Chapter One
Laurel
Laurel Fletcher’s life was not supposed to be like this.
She was supposed to be traveling the globe, making archaeological finds that would shock the world and challenge history. There was supposed to be academic renown, TV appearances, specialist books and grand exotic romances, before falling desperately in love with a sizzlingly hot French archaeologist who would look at her with the shining eyes of devotion.
Instead, she was shoulder-deep in a cow’s arse.
‘Robin! Robin, don’t you dare hide from me,’ Laurel called across the cowshed at her younger brother, who was trying to condense his six-foot frame to scoot behind the cattle without her seeing him.
‘Robin!’
‘Oh, hey Laurel, you okay?’ Robin stood up from behind a cow and rubbed the back of his neck sheepishly.
‘Do I look okay? Do I?’ she said, bracing her free hand on the rump of the cow and pulling her arm out with a wet squelch. ‘Why is it thatIam checking the cows to see if they’re pregnant?

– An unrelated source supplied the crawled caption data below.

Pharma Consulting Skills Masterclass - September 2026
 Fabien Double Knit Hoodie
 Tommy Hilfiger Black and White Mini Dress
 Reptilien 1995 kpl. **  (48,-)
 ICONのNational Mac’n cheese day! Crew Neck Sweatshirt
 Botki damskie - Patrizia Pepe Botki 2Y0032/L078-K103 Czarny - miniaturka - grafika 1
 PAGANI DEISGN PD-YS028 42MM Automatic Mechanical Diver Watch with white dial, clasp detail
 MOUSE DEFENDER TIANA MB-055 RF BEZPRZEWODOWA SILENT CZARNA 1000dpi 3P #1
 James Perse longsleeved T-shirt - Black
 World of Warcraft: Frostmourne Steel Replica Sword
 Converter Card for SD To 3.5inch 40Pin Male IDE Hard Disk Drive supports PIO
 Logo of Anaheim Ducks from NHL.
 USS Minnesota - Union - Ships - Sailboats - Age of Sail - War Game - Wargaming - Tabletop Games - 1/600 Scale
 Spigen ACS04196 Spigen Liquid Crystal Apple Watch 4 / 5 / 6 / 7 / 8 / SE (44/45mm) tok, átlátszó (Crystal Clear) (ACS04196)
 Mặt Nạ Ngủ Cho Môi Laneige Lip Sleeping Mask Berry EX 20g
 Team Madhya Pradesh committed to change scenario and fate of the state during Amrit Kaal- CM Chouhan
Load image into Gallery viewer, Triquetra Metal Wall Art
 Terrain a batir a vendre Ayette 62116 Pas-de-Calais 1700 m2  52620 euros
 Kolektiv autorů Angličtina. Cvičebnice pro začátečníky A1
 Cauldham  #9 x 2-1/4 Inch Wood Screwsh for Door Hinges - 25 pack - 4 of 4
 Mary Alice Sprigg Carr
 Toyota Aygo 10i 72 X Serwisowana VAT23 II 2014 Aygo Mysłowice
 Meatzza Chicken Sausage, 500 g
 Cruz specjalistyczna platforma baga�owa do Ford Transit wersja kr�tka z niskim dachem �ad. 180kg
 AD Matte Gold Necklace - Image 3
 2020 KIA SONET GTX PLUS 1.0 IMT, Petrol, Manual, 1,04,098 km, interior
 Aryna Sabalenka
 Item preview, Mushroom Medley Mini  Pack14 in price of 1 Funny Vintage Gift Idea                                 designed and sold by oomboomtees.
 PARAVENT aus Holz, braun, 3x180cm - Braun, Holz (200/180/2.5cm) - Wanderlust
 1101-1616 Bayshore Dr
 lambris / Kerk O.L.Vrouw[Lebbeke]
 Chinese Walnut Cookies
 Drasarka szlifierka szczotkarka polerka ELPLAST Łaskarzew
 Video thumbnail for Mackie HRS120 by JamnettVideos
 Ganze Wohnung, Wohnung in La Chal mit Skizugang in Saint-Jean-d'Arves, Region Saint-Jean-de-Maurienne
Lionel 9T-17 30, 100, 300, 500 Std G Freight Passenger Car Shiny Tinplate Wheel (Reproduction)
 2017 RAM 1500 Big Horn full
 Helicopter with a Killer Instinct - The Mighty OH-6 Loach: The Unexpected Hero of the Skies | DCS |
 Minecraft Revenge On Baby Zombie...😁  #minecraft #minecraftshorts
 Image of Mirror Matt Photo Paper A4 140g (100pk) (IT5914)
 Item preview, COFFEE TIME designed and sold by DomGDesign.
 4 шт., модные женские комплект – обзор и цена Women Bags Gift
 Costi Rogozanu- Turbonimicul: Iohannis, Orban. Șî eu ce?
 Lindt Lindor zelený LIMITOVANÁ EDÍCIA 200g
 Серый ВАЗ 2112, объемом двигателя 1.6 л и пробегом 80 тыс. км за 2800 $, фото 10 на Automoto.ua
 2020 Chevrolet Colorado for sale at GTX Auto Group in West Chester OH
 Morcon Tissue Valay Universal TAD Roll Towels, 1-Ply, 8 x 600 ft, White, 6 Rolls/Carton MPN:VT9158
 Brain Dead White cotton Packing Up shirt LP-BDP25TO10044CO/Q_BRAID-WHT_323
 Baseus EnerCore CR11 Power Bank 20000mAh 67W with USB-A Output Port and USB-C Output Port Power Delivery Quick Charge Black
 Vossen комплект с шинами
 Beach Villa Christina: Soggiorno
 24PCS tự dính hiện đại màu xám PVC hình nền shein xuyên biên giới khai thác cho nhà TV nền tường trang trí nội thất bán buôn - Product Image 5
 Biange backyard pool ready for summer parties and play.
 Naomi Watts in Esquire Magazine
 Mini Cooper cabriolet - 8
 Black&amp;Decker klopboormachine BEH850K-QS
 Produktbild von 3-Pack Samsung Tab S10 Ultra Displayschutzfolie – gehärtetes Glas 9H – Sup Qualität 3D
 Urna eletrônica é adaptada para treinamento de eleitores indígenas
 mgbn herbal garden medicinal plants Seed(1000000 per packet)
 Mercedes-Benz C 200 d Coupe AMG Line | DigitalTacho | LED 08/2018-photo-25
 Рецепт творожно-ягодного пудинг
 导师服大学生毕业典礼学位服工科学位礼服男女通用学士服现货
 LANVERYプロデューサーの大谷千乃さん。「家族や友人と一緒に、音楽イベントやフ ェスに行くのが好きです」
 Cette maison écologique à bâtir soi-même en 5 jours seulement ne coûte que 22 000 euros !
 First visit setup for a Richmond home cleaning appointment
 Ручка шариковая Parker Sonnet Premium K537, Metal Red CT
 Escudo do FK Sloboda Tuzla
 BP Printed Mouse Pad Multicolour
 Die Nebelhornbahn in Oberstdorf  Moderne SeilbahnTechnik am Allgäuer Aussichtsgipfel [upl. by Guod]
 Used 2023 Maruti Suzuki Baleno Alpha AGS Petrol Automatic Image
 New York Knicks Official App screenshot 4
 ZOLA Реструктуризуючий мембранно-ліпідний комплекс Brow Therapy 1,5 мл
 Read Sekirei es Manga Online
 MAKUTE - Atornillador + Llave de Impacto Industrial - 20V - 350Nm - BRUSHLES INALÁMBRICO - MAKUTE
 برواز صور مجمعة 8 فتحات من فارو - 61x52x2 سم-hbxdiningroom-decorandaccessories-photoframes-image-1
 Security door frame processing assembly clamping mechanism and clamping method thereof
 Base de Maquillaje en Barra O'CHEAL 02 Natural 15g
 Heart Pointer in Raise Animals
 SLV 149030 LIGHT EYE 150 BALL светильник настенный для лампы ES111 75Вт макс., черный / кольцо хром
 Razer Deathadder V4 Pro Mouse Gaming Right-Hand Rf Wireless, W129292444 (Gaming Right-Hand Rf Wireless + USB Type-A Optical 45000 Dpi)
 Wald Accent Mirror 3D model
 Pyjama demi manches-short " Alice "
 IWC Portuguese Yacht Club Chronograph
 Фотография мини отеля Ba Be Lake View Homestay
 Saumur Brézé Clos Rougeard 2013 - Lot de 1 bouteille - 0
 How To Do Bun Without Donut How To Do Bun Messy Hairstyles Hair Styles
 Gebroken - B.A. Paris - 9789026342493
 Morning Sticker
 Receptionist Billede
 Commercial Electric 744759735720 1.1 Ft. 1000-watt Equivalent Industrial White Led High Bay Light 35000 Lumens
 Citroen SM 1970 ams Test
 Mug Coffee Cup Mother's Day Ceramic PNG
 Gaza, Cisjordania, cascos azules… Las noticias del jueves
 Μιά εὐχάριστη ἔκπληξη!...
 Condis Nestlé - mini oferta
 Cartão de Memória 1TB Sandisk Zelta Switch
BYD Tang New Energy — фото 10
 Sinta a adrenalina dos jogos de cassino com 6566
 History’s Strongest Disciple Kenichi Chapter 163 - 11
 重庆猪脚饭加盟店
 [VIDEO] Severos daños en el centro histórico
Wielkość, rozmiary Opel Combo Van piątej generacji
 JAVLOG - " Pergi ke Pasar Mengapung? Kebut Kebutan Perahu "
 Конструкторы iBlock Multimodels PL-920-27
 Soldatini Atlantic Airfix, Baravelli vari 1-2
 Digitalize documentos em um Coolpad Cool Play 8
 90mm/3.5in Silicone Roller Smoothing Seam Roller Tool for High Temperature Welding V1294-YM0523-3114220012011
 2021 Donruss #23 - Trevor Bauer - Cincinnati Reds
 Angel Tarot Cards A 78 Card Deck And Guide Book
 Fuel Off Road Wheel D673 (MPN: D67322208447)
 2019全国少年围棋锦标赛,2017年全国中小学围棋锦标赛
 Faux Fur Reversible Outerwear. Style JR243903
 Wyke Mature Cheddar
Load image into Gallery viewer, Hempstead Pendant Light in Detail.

Why is it that they’re late to milking? And, for the love of god, why is there cow shit all over the yard?’
The farmhand who was holding a bucket and towel for her backed away slowly.
‘Look, Laurel, I overslept. Jack’s being the golden child and is out lambing. Dad’s at old man Hibbert’s.’ Robin shuffled over. ‘Nice shoes.’
He raised an eyebrow at her wellies and gave her the smile that had made a thousand hearts forgive him.
Well, not hers, and not today.
‘I am not getting my shoes covered in cow shit, which I almost did because the yard is full of it.’ She peeled off the arm length plastic glove and chucked it in the farmhand’s bucket, along with her plastic apron.
Laurel knew that even if her clothes managed to escape whatever was coming out of the cow’s behind, no matter how clean she got, she would still stink. All day. She would have to dry-clean her clothes and essentially decontaminate herself. Which is why Laurel did not do farm work anymore.
‘Why is Dad at old man Hibbert’s?’
Robin’s face turned from contrite to accusatory, his Fletcher-grey eyes flashing with ire. Not for the first time, Laurel wondered how it was that her brothers had become typical Fletchers, and she was more like her mother.
‘George Hibbert has been harassing the sheep up on the common with his quad bike again because he’s pissed off that you’re trying to buy those fifteen acres of land off his dad.’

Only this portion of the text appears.